A atuação do mandato coletivo gerou impasse na Assembleia Legislativa de Pernambuco e um grupo de parlamentares pediu um parecer à procuradoria para restringir a participação delas em atos do legislativo

setembro 26, 2019 às 16:20 - Por:

Segundo as Juntas, o incômodo externado pelo deputado Alberto Feitosa na tribuna da Casa Joaquim Nabuco, na quarta-feira (25), demonstra a ruptura que a mandata coletiva representa no meio político. Foto: Alepe

Segundo as Juntas, o incômodo externado pelo deputado Alberto Feitosa na tribuna da Casa Joaquim Nabuco, na quarta-feira (25), demonstra a ruptura que a mandata coletiva representa no meio político. Foto: Alepe

Após ser alvo de críticas por um grupo de deputados estaduais, o Juntas rebateu os questionamentos sobre a participação de codeputadas nas comissões e reuniões da Assembleia Legislativa de Pernambuco.

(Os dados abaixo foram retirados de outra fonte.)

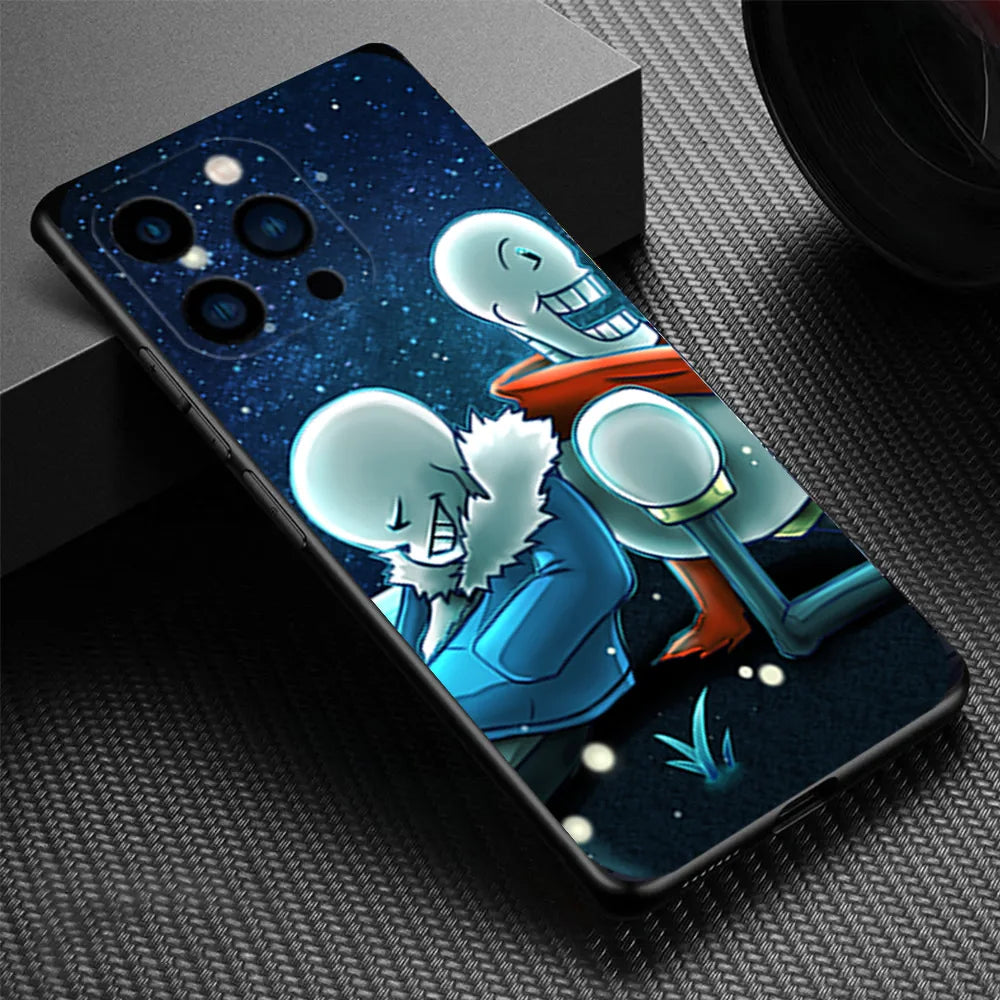 Game U-Undertale S-Sans Phone Case For Samsung S23 S22 ULTRA A22 A23 A32 A34 A52 A53 A54 A71 A72 A73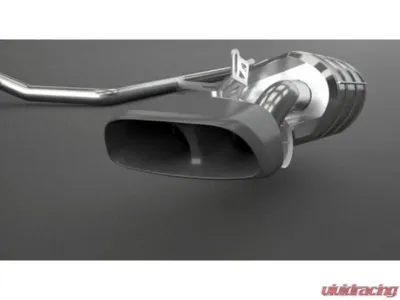 Capristo Exhaust Valved System with Mid-Pipes for Porsche 970 Panamera Executive Turbo S - 02PO04703007CES3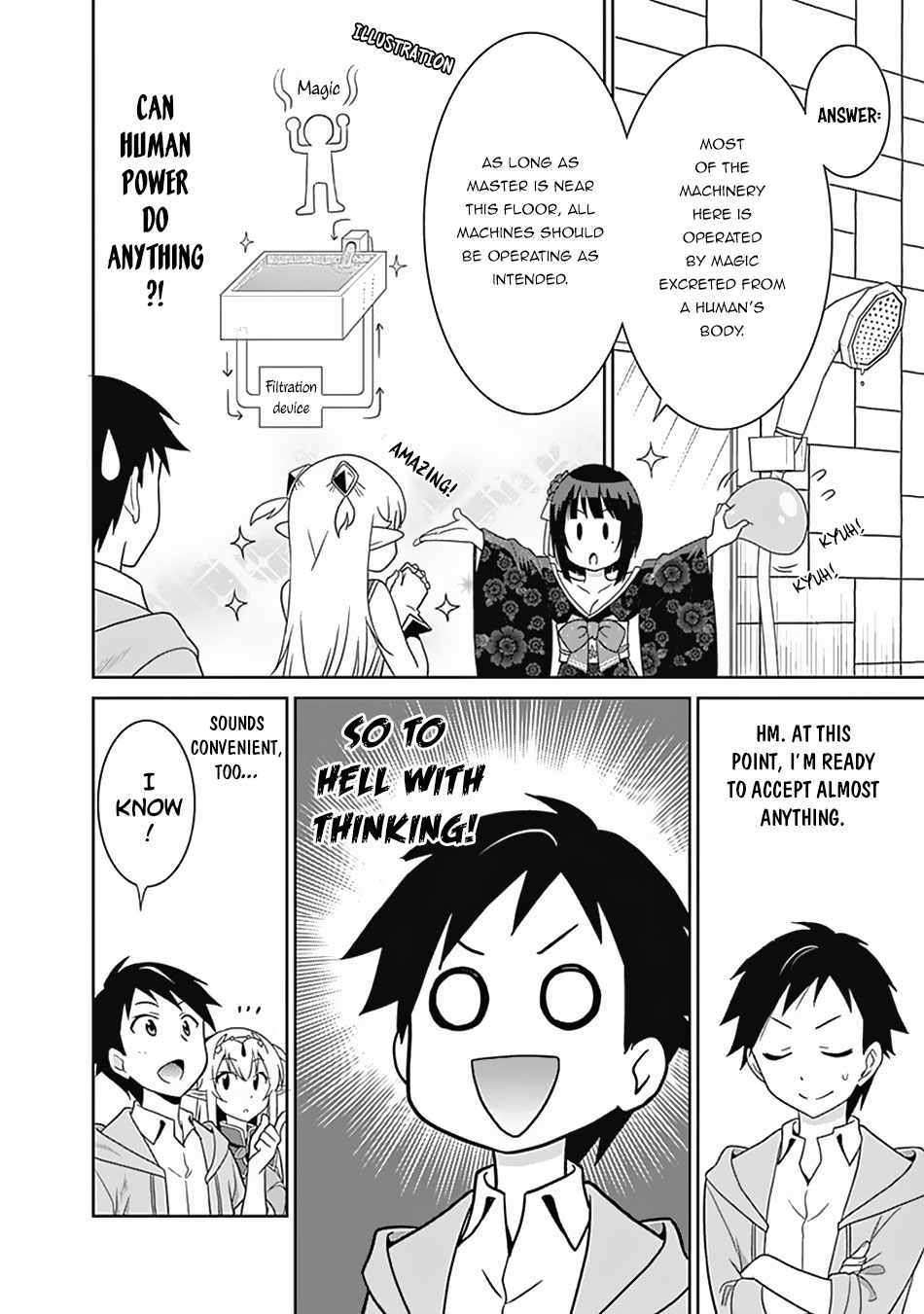 Saikyou no Shuzoku ga Ningen Datta Ken Chapter 14 page 7 - Chapter 14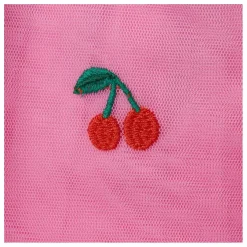 Jupe Cerises Tulle | Rose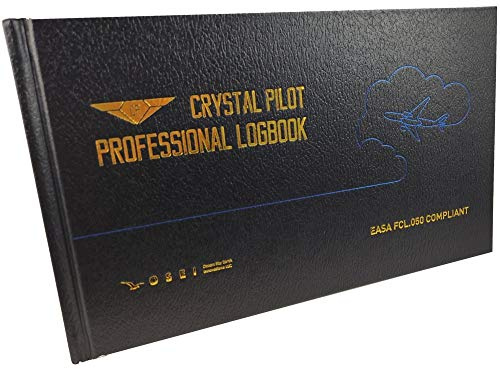 Crystal Pilot EASA FCL.050 Compliant Professional Logbook
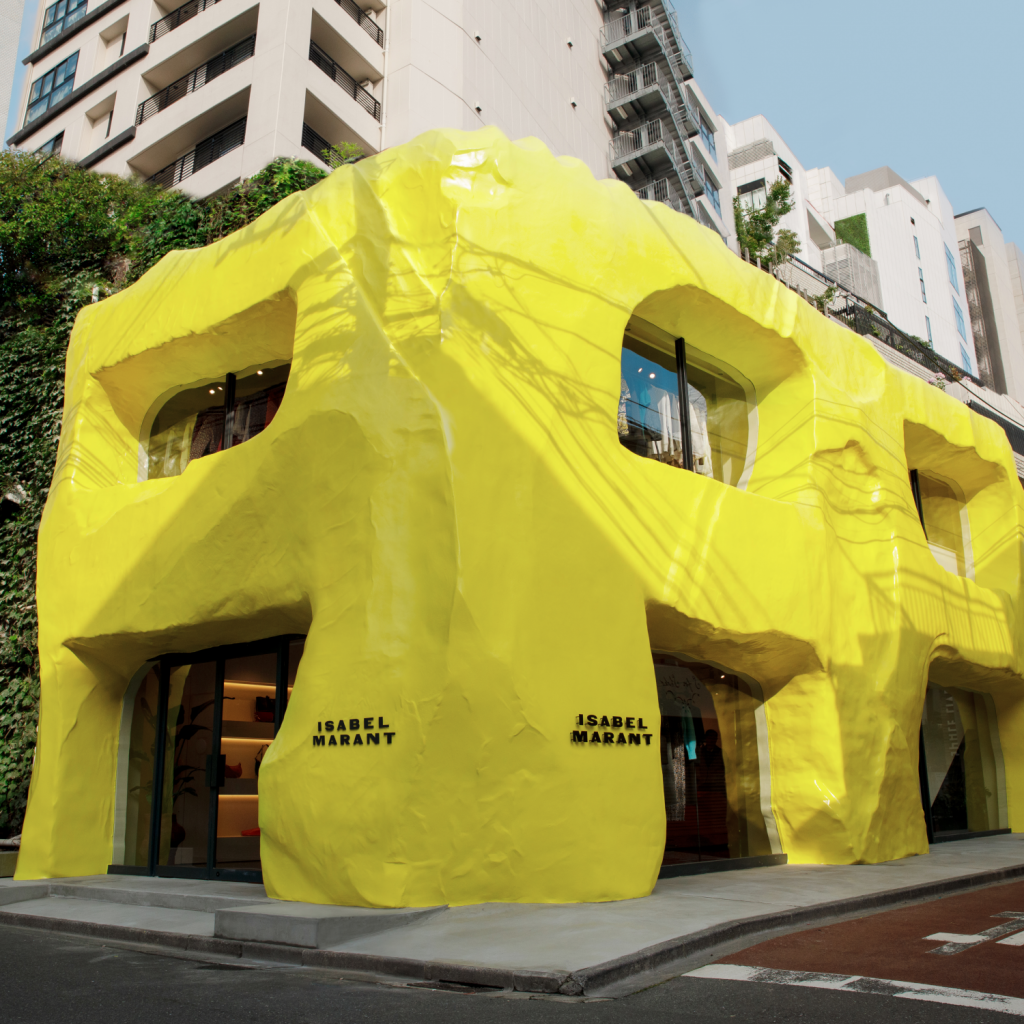 strejke retning Skygge Tokyo: Isabel Marant flagship store opening | superfuture®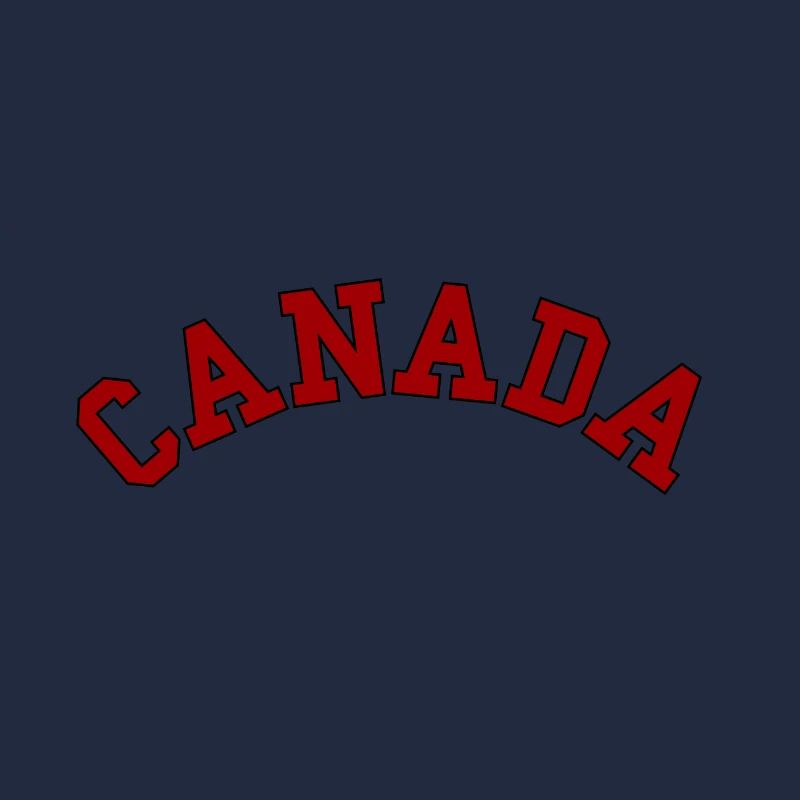Canada College Schrift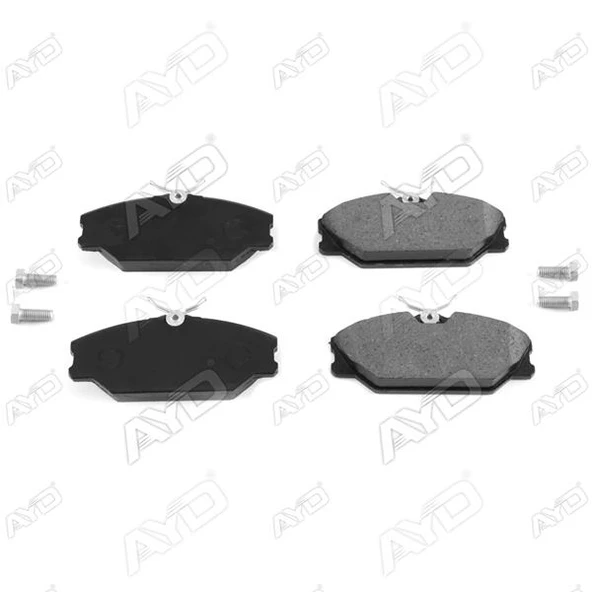 AYD 60123A ÖN FREN BALATASI RENAULT MEGANE 99> LAGUNA 95> SCENIC 99> LOGAN 06> SAFRANE 96>00 7701206379-7701209380-410607125R ürün görseli 1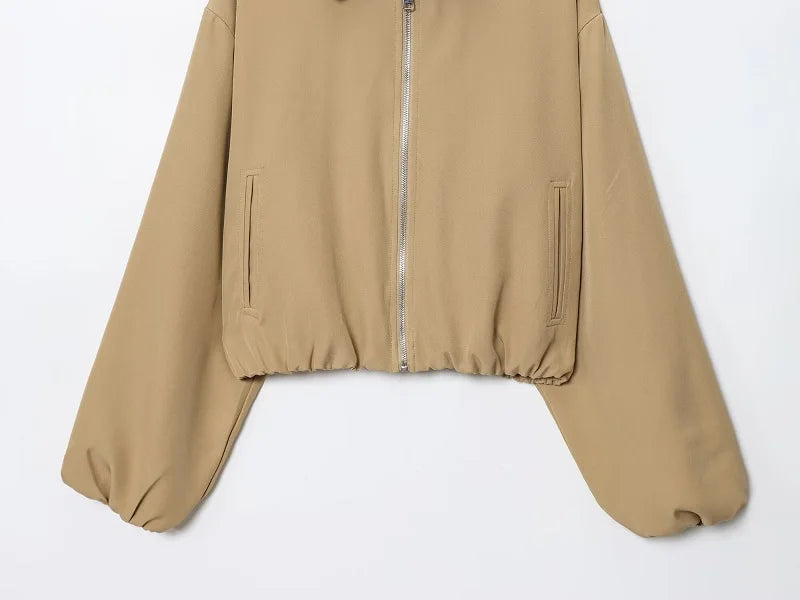 Varsity-Bomberjacke Gepolstert - JWANOFFIZIELL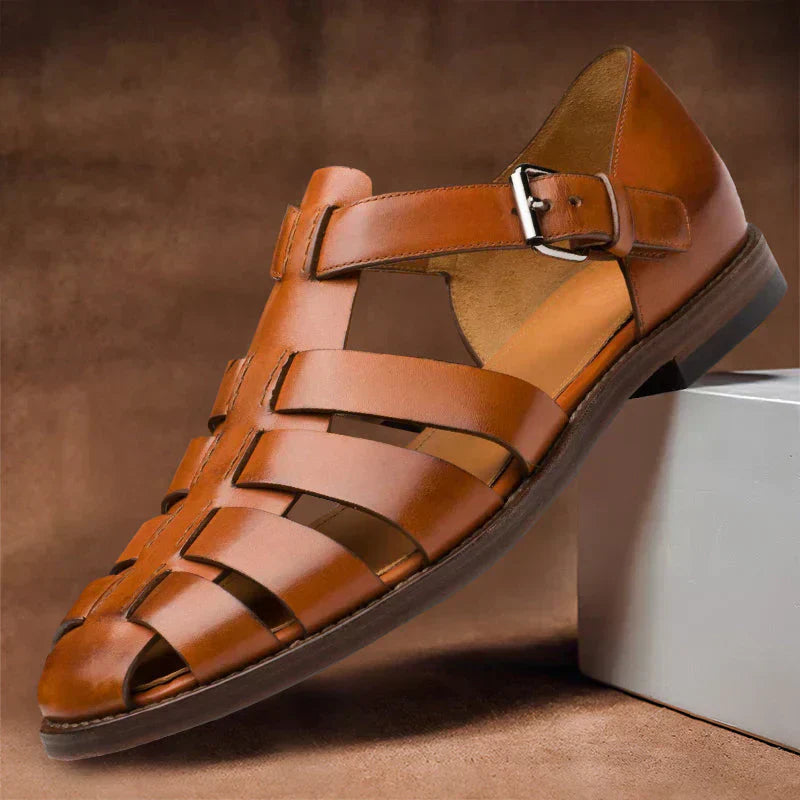 Duval Paris™ | Leather Sandals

De acordo com a mandata coletiva, como preferem ser chamadas, há uma violência explícita e velada contra elas.

“Ela é cotidiana, tal qual a nossa luta. Aqui, porém, estamos legitimadas pela vontade popular e é importante reafirmar que o tamanho da cadeira do deputado Feitosa é do mesmo tamanho da nossa, só que a nossa é compartilhada entre cinco mulheres”, destacaram, em nota.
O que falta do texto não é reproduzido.